Type: New Feature
Affects Version/s: None
Fix Version/s: None
Attached is a patch that implements the robust Loess procedure for smoothing univariate scatterplots with local linear regression ( http://en.wikipedia.org/wiki/Local_regression) described by William Cleveland in http://www.math.tau.ac.il/~yekutiel/MA%20seminar/Cleveland%201979.pdf , with tests.
(Also, the patch fixes one missing-javadoc checkstyle warning in the AbstractIntegrator class: I wanted to make it so that the code with my patch does not generate any checkstyle warnings at all)
I propose to include the procedure into commons-math because commons-math, as of now, does not possess a method for robust smoothing of noisy data: there is interpolation (which virtually can't be used for noisy data at all) and there's regression, which has quite different goals.
Loess allows one to build a smooth curve with a controllable degree of smoothness that approximates the overall shape of the data.

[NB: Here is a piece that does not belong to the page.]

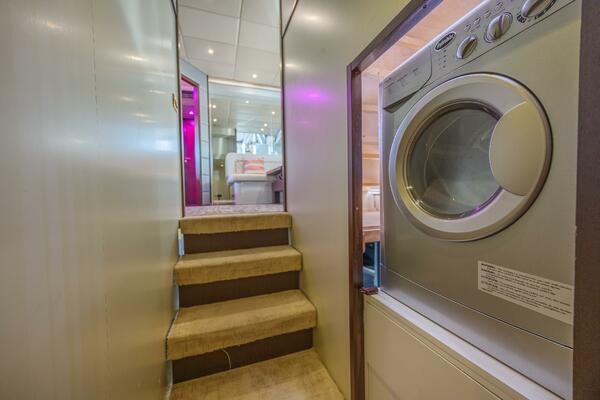 Dream on 90ft Tecnomar Yacht For Sale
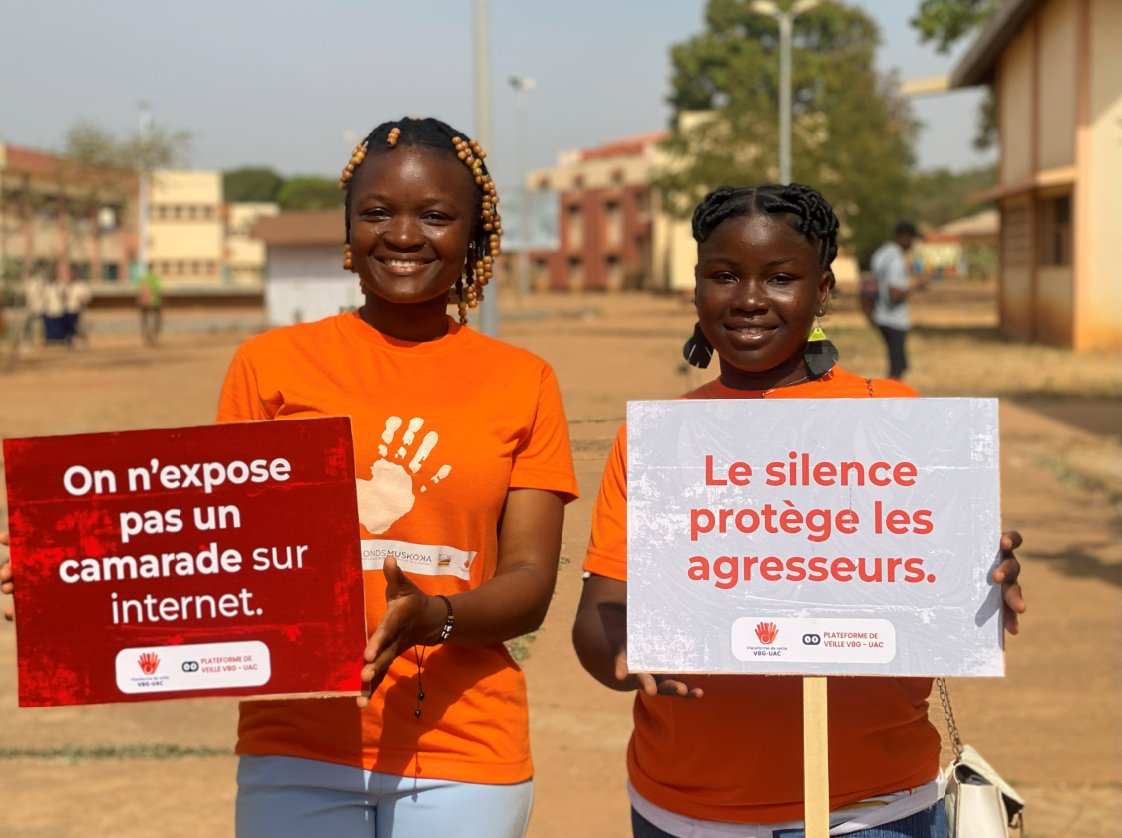 unfpa_benin's tweet image. Université de Parakou - La jeunesse s’est levée pour dire "Tolérance zéro face aux #VBG, y compris en ligne", à travers une marche suivie d'un panel avec COUS-AC, COUS-P et @unfpa_benin, sur le thème : « Les jeunes face aux VBG facilitées par la technologie »
#16Days 
#EndVBG |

I tried to follow the code requirements as strictly as possible: the tests cover the code completely, there are no checkstyle warnings, etc. The code is completely written by myself from scratch, with no borrowings of third-party licensed code.

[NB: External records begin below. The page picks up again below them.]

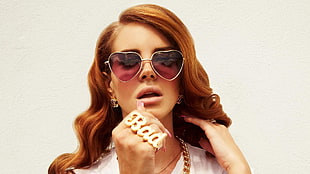 woman wearing sunglasses and white shirt standing HD wallpaper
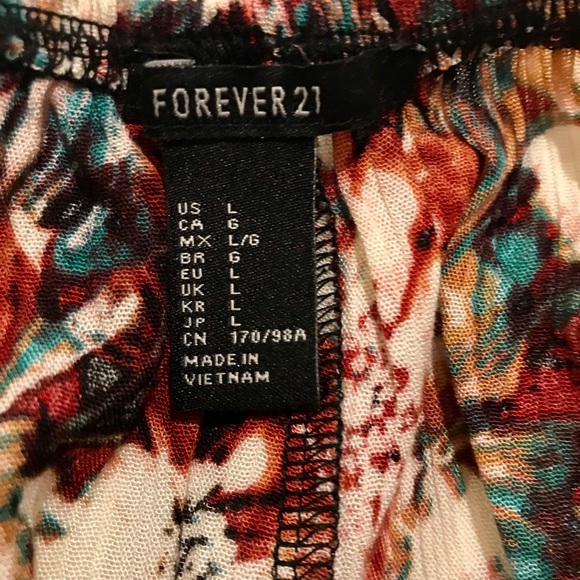 Never worn forever 21 off the shoulder top - Picture 3 of 3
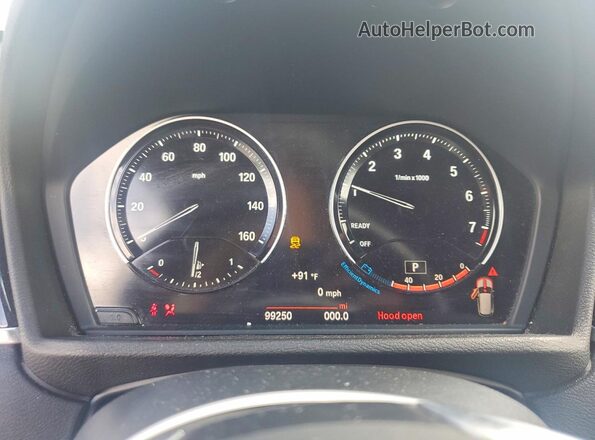 WBXHT3C33J5L30790 2018 BMW X1 White Vista del cuadro de instrumentos
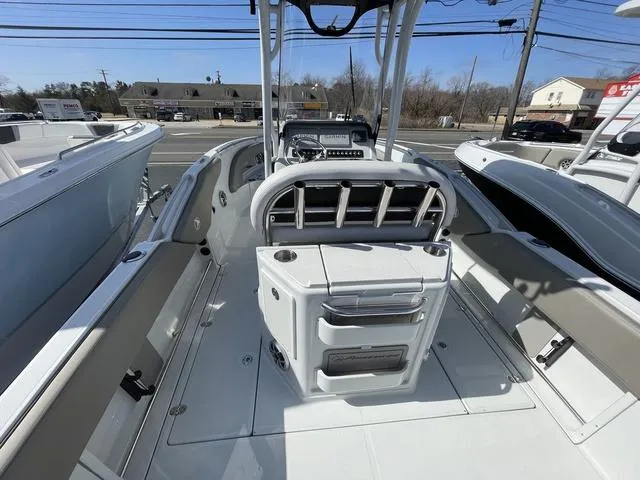 Slide: The Image of Finseeker 230 CC 2024 - 12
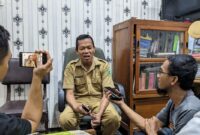 Sekretaris DPRD Trenggalek, Muhtarom saat dikonfirmasi awak media di ruangannya.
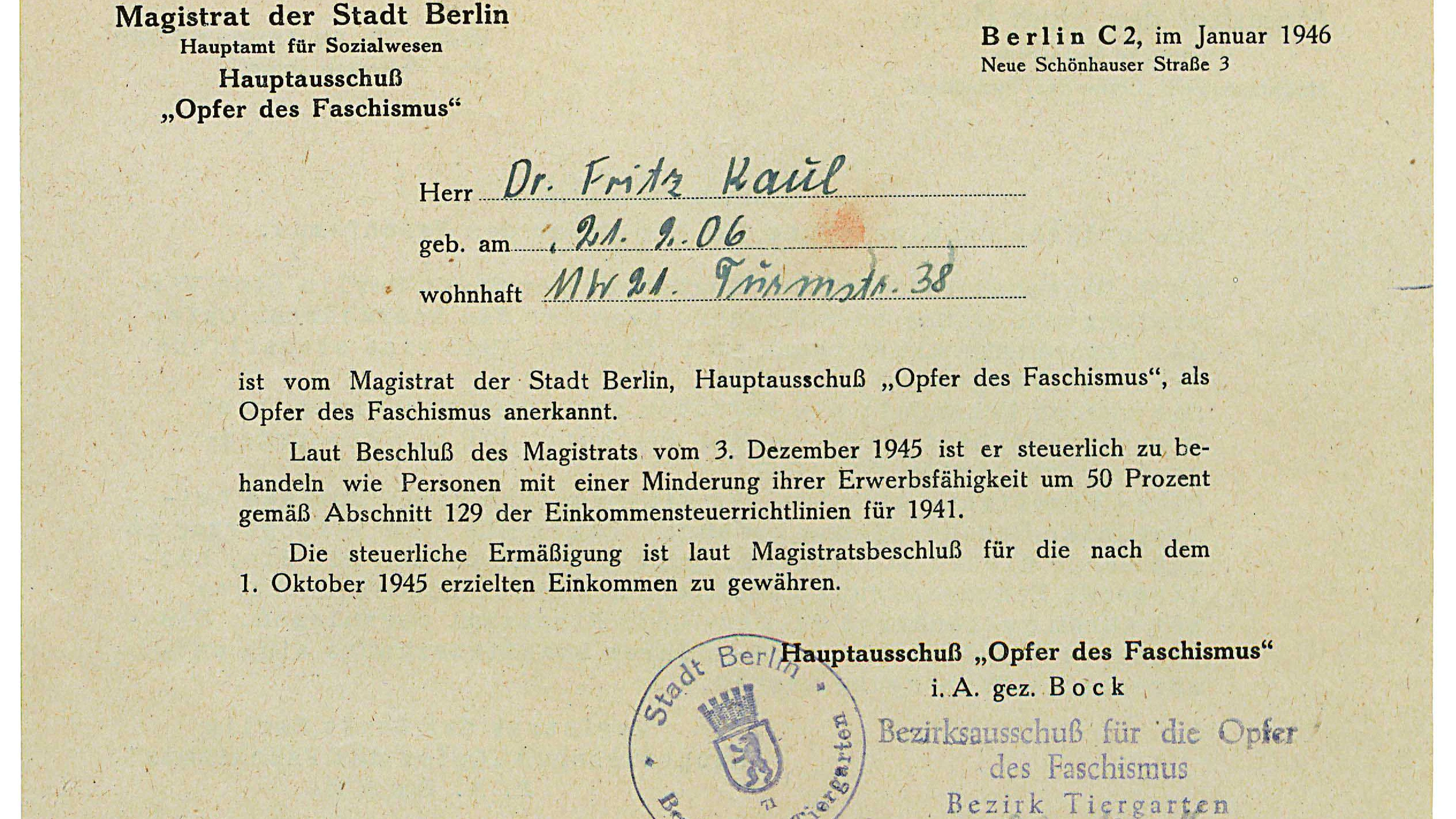 Bescheinigung des Hauptausschusses „Opfer des Faschismus“ vom Januar 1946:&nbsp;Der Adressat dieser Bescheinigung, der spätere „SED-Staranwalt“ Friedrich Karl Kaul, engagiert sich als Anwalt für Dutzende NS-Verfolgte, deren Anträge aufgrund ihrer politischen Haltung abgewiesen werden.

The method is pretty computationally intensive (10000 points with a bandwidth of 0.3 and 4 robustness iterations take about 3.7sec on my machine; generally the complexity is O(robustnessIters * n^2 * bandwidth)), but I don't know how to optimize it further; all implementations that I have found use exactly the same algorithm as mine for the unidimensional case.

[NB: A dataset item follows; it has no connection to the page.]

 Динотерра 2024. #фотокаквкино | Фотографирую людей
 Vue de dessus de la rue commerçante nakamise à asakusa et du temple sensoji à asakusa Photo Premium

Some TODOs, in vastly increasing order of complexity:
- Make the weight function customizable: according to Cleveland, this is needed in some exotic cases only, like, where the desired approximation is non-continuous, for example.
- Make the degree of the locally fitted polynomial customizable: currently the algorithm does only a linear local regression; it might be useful to make it also use quadratic regression. Higher degrees are not worth it, according to Cleveland.
- Generalize the algorithm to the multidimensional case: this will require A LOT of hard work.